The problem is the business model. It's designed to create "churn" as they call it, but each provider seeks to create churn in their competitors customers and I think it creates as much churn in their own customers. But when I think about alternatives, I can't figure out anything that works so long as one provider (cable, FIOS, D* or E*) keeps doing it.


----------



## harsh (Jun 15, 2003)

jclewter79 said:


> seeing that dish is giving the 722 to new customers for free with free hd and a new customer can also waive the 24 month contract by paying the 49 dollar activation fee and waivering the free hd seems that it makes better business sense to give the freebies to longtime customers that have paid on time for years thant to give them to someone they have no history with. dish does not even offer the hd sevice without a contract to an exsisting customers directly from dish it just does not seem right.


Look at the financial information under the heading of "Subscriber Acquisition Cost" and see if you think that they can keep that up with everyone.


----------



## tomcrown1 (Jan 16, 2006)

Ressurrector said:


> okay I am getting pissed now. I gave 150 for my 722 as well and them ****s ACT like they screwed up when it was 199 or something so they cut me off and are making me pay the 2 month advance reconnect I just sent them SOB's about 230
> and to add insult to injury they got THREE of my free hd months in ONE month... how?? its beyond me......... I posted an article here and someone suggested I hit up [email protected] an email....... I sent a few and he has not replied yet and its been a few days.......... Dude I'm ABOUT to go better business buerow on Dish if something ain't done soon:flaiming
> 
> Oh I was told that I got a "rebate" as well......... so a month passes I never got ****........ I called em and they informed me "I had to get it online and print it out" also that I had 60 days from time of HD installation to do this in as well..........:nono2: So they were just gonna let my rebates expire and not say a word dude............ Thats ****in foul man


BB will not help if you feel you have been done wrong you can go to an attorney and see if you have a case.
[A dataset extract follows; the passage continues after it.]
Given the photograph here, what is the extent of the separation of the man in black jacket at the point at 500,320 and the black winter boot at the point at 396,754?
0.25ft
If you do he will do it pro bono and bring a hugh class action suit to Dish.

PS I understand that Dish will suspend most if it promotions because of the misunderstanding that new customers have in regards to how the promotions wok.


----------



## phrelin (Jan 18, 2007)

Yeah, well, about that rebate form. I stupidly failed to read it carefully and didn't send the right attachments. I got an explanation letter in the mail 8 days _after_ the deadline indicated in the letter for me to get the attachments to them. And I got the three months "free" in the first month. I guess someone thought that would make subscribers happy. To me its just confusing, but I'm old.:lol:


----------



## Stewart Vernon (Jan 7, 2005)

I'll relate a semi-but-not-really related story..
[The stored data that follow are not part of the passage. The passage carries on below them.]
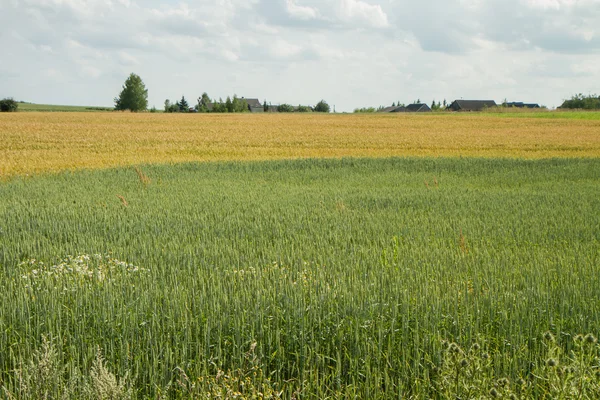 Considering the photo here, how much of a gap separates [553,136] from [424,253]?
3646cm

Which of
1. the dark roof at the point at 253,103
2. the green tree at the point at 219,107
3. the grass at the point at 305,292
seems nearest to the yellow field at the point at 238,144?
the grass at the point at 305,292

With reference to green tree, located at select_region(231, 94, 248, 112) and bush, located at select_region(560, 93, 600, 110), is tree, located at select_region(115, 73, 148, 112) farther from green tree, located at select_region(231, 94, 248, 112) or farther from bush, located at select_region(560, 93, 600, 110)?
bush, located at select_region(560, 93, 600, 110)

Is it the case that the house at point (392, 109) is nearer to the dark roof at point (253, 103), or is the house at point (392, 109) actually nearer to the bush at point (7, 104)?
the dark roof at point (253, 103)

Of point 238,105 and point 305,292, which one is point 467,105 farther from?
point 305,292

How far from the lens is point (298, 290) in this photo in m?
5.94

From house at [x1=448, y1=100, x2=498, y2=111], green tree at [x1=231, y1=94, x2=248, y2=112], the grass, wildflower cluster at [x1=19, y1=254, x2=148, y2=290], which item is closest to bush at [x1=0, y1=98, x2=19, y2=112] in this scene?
green tree at [x1=231, y1=94, x2=248, y2=112]

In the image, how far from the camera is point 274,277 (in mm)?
6406

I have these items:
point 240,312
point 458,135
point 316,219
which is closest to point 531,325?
point 240,312

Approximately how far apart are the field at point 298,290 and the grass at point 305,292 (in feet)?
0.10

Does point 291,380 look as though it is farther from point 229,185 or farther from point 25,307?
point 229,185

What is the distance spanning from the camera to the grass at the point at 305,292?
4.69m

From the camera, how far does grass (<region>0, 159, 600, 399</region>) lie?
4691 mm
I worked in a retail store many moons ago. We had posted store hours that did not change. Hours on Monday, Tuesday, Thursday, Friday were the same. Wednesday we were open later. Saturday was like the rest of the week, and Sunday was abridged.
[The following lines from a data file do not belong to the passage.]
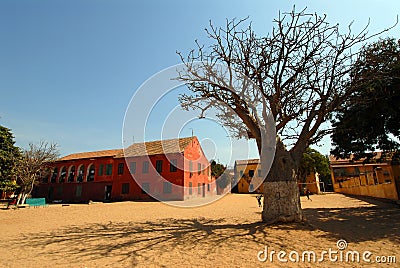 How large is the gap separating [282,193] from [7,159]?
26.2 metres

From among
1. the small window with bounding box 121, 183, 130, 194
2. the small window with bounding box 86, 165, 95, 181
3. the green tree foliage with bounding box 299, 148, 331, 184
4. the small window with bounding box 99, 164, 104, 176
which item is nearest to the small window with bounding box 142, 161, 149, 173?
the small window with bounding box 121, 183, 130, 194

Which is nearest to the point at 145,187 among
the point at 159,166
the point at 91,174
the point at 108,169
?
the point at 159,166

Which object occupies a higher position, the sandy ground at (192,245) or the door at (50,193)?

I closed most days.. and I opened and closed on most weekends. I was there for a while, and was actually a customer myself, so I knew most of the regular customers as well as many of the semi-regulars.

I was never in a big hurry to go anywhere Saturday nights... so I didn't boot people out automatically once it hit our closing time. I figured I was doing good for the customers, gaining extra business for the boss, and like I said I was in no hurry anyway.

But people started to abuse things... so I had to start locking the door at closing time so people wouldn't keep coming in. People would keep coming in and would look around for 30-45 minutes after closing if I let them.. and sometimes wouldn't even buy anything after all that.

So.. I eventually learned I had to enforce the policy. Lock the door at closing time, allow customers inside already to mill around but I announced it was closing time. I then began to break-down displays and things that went home with me for the night.. did everything but closing the register.. then made a last-call where people had to pay so I could finish closing OR they had to go.

I remember one evening.. I had cleared out everyone, broke down everything, and was working on the register.. a guy came up to the door, half an hour after closing.. and wanted to come in. I told him we were closed, and I was almost gone. He got mad. He knew full well we should be closed when he left his house, but he came anyway and didn't even call to ask if I would still be there.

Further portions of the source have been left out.